_What you are asked to do_
Below this line is a set of entries; quote exactly the lines from the line that contains "Spice Latte - Dog" to the line that contains "Braunes Meerschweinchen", both lines included.

[Collected data entries]
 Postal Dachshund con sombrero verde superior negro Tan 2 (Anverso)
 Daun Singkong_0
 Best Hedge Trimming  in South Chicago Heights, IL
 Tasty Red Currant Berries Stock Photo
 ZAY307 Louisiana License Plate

* * *

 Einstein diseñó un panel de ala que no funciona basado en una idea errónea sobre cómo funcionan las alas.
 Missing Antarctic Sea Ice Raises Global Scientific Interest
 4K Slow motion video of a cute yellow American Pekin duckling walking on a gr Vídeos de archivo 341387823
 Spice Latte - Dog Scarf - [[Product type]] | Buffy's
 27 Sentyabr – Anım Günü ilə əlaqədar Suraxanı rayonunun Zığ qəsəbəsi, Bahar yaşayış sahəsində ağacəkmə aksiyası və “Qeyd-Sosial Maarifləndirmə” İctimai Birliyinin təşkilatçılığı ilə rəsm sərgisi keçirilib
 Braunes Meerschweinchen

_Reply to the task_
 Spice Latte - Dog Scarf - [[Product type]] | Buffy's
 27 Sentyabr – Anım Günü ilə əlaqədar Suraxanı rayonunun Zığ qəsəbəsi, Bahar yaşayış sahəsində ağacəkmə aksiyası və “Qeyd-Sosial Maarifləndirmə” İctimai Birliyinin təşkilatçılığı ilə rəsm sərgisi keçirilib
 Braunes Meerschweinchen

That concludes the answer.